--- The data Enclosed Below ---

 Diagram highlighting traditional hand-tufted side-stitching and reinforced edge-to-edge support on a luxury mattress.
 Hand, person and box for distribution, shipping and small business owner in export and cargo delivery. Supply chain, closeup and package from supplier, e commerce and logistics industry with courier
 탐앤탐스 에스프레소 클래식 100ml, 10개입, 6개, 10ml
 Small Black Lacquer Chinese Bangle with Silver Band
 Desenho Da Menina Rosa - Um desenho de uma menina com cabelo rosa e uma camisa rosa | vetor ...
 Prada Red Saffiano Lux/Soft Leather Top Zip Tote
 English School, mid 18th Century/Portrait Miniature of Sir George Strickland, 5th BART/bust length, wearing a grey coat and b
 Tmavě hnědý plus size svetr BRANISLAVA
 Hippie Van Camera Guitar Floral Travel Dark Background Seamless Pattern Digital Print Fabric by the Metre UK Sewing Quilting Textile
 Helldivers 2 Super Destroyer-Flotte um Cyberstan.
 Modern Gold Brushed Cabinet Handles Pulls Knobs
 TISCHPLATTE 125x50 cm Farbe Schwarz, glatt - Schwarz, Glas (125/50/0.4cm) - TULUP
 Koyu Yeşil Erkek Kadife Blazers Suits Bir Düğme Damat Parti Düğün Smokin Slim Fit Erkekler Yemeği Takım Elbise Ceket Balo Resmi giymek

--- End of Enclosed The data ---

**Exercise goal**
Working through the records, find each line containing the word "with" and copy it.

**Solved exercise**
 Hand, person and box for distribution, shipping and small business owner in export and cargo delivery. Supply chain, closeup and package from supplier, e commerce and logistics industry with courier
 Small Black Lacquer Chinese Bangle with Silver Band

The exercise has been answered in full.